- **Task instructions**: Take the line with "Anthropologie Sweater Ruffled" as the first and the last line of the data as the end. Write out both and every line between exactly, except pictures.

- **Input data**:
════════
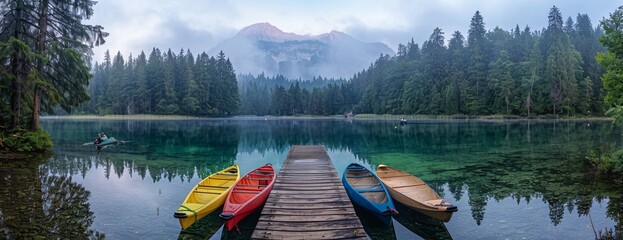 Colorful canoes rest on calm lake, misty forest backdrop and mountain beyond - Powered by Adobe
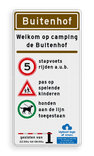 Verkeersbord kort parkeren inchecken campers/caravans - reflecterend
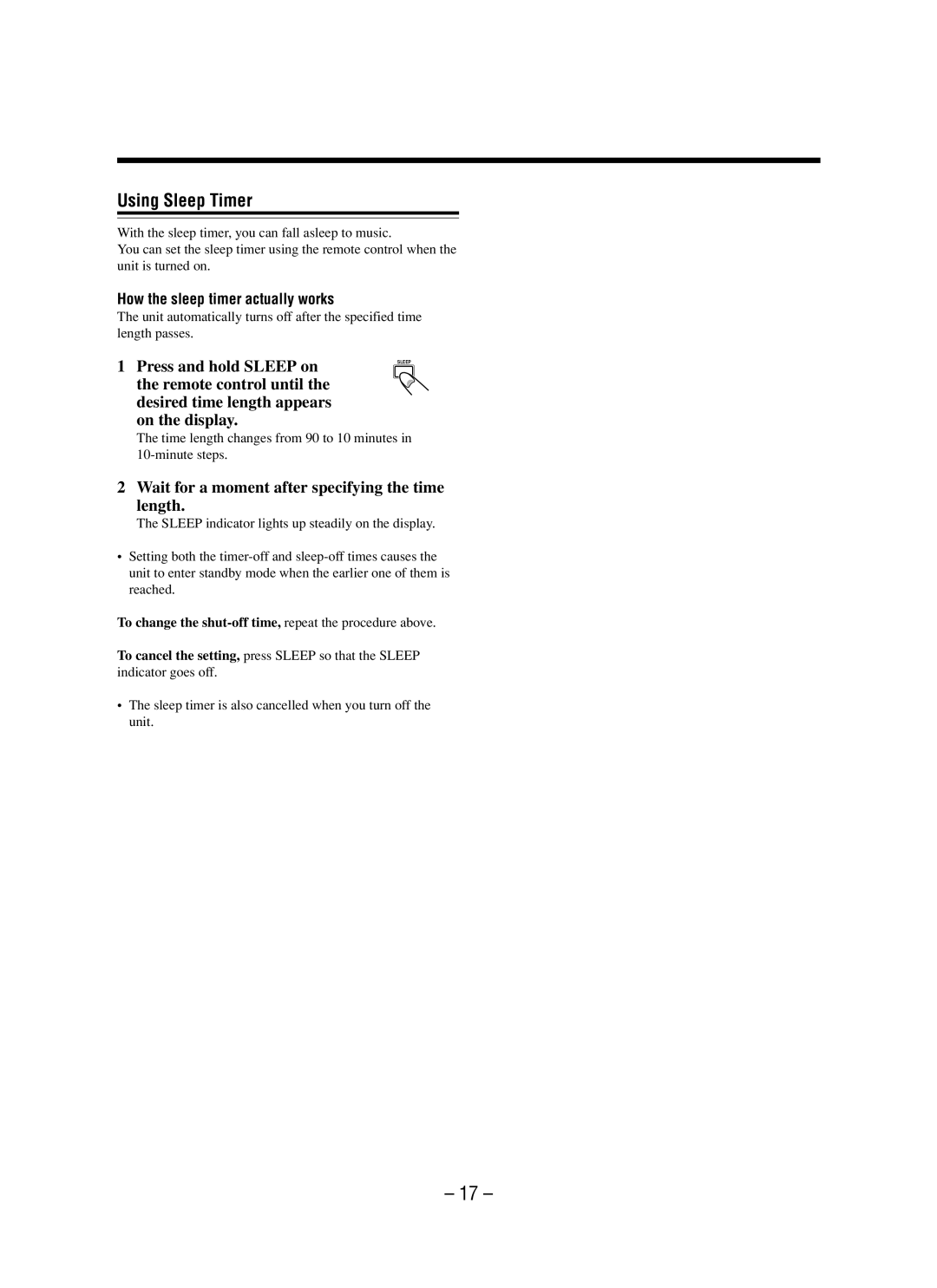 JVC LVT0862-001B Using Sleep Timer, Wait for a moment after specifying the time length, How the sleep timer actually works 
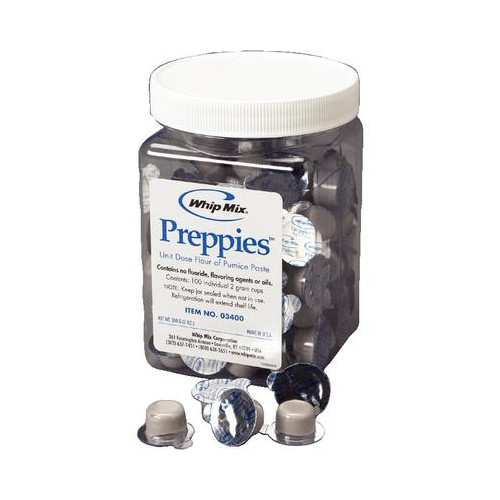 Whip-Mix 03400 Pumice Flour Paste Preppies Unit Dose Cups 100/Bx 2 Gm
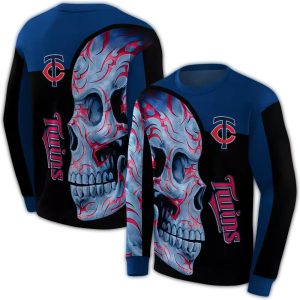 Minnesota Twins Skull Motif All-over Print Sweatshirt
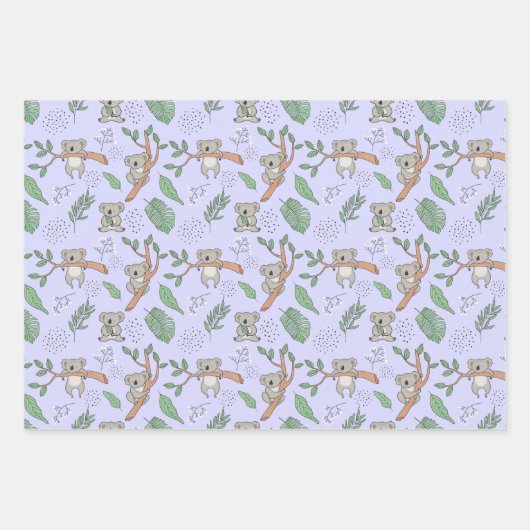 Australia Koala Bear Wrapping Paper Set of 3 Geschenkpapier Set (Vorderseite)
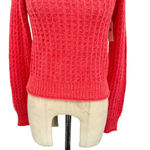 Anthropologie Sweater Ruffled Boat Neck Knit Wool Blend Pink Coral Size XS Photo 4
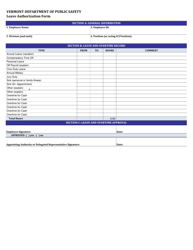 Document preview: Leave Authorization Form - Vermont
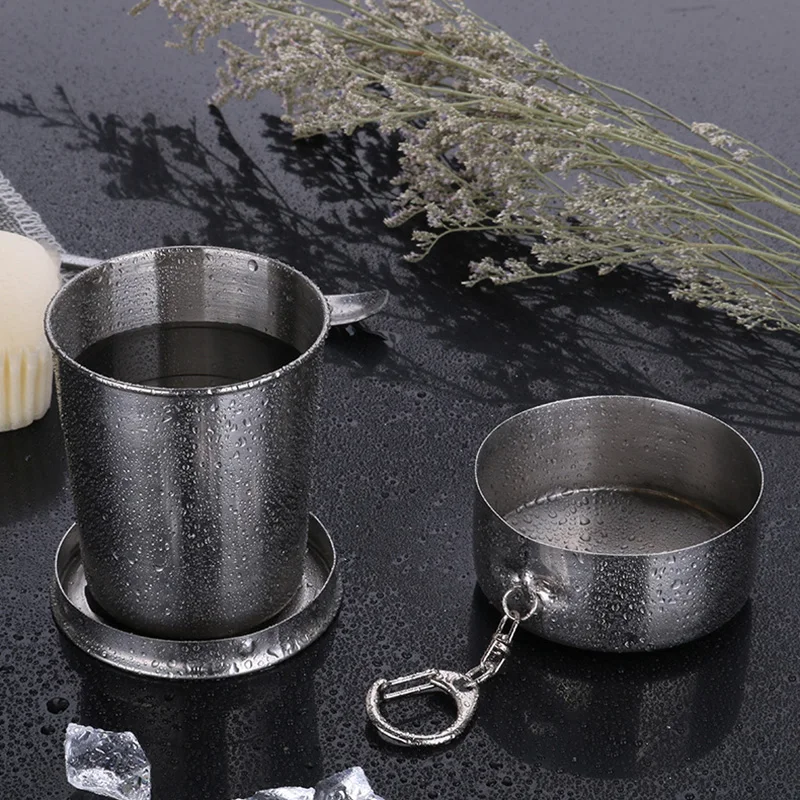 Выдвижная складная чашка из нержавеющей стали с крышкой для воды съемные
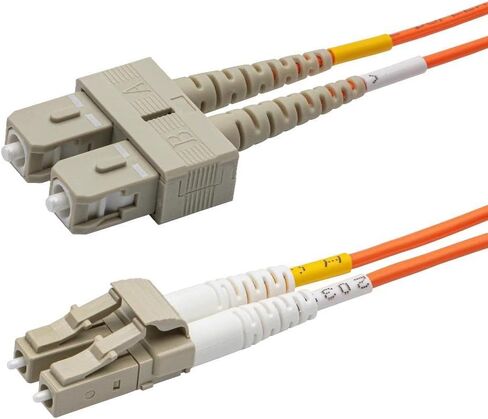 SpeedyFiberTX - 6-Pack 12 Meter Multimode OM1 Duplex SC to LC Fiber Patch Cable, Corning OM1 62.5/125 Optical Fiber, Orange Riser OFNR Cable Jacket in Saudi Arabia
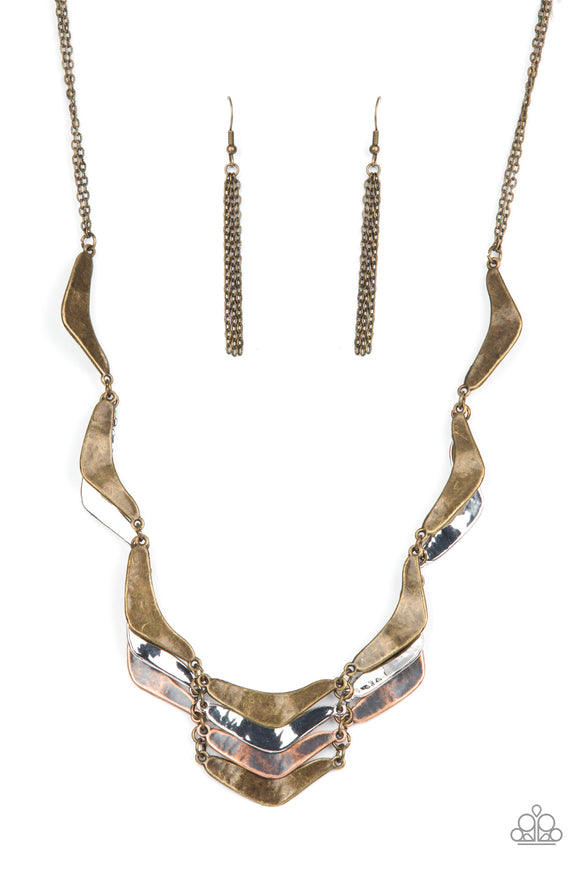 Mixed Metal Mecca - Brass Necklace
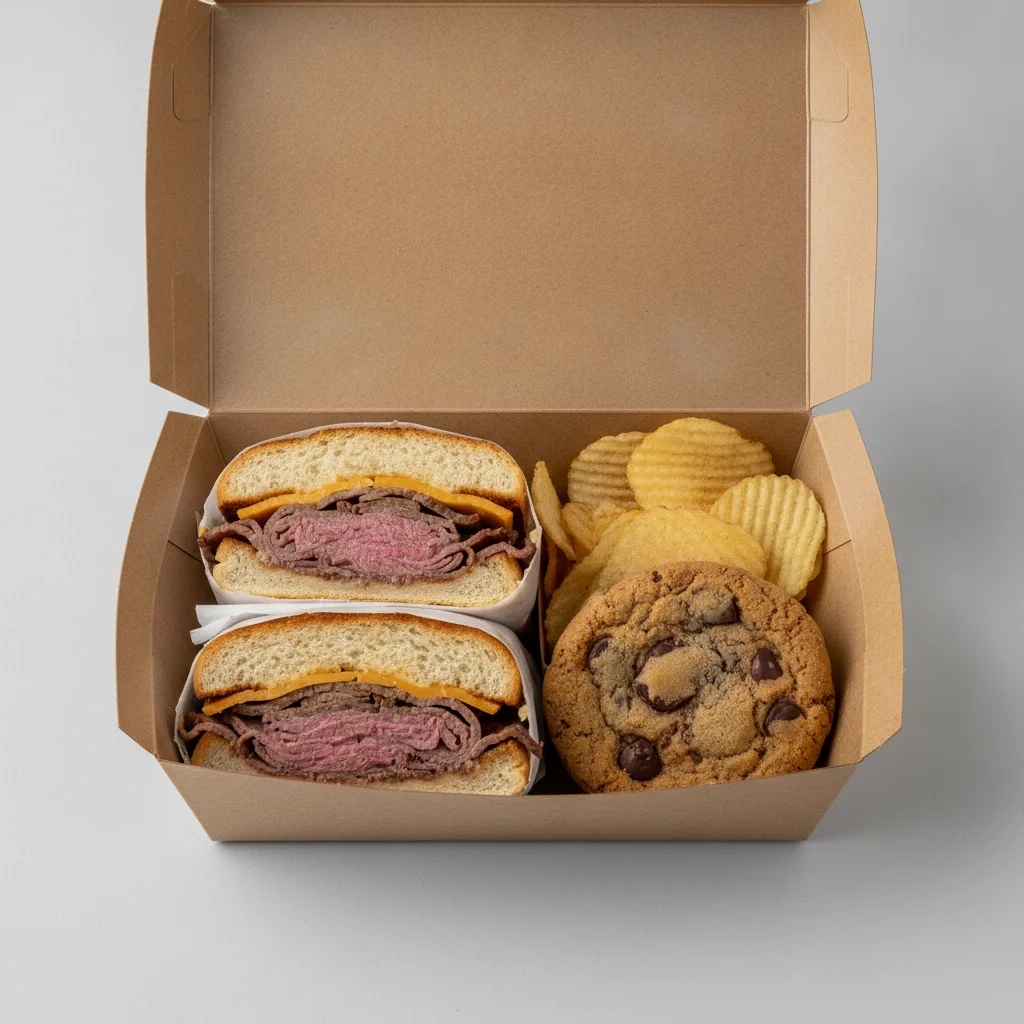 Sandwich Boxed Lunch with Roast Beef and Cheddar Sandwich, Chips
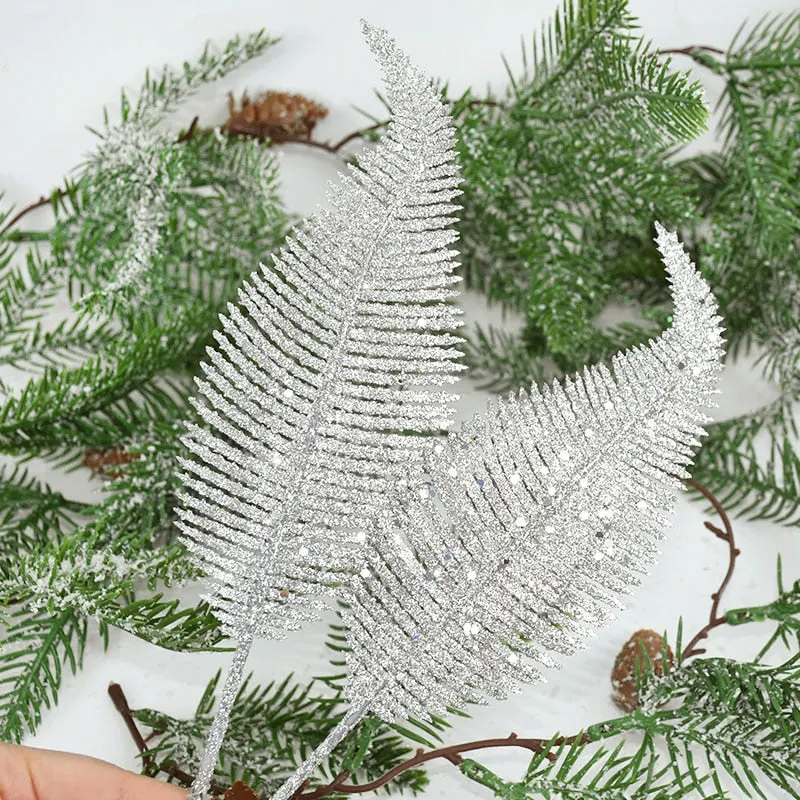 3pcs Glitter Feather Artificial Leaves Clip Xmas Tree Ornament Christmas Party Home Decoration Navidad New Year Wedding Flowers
════════
- **Exercise answer**:
 Anthropologie Sweater Ruffled Boat Neck Knit Wool Blend Pink Coral Size XS Photo 4
 Document preview: Leave Authorization Form - Vermont
 Выдвижная складная чашка из нержавеющей стали с крышкой для воды съемные
 SpeedyFiberTX - 6-Pack 12 Meter Multimode OM1 Duplex SC to LC Fiber Patch Cable, Corning OM1 62.5/125 Optical Fiber, Orange Riser OFNR Cable Jacket in Saudi Arabia
 Mixed Metal Mecca - Brass Necklace
 Sandwich Boxed Lunch with Roast Beef and Cheddar Sandwich, Chips
 3pcs Glitter Feather Artificial Leaves Clip Xmas Tree Ornament Christmas Party Home Decoration Navidad New Year Wedding Flowers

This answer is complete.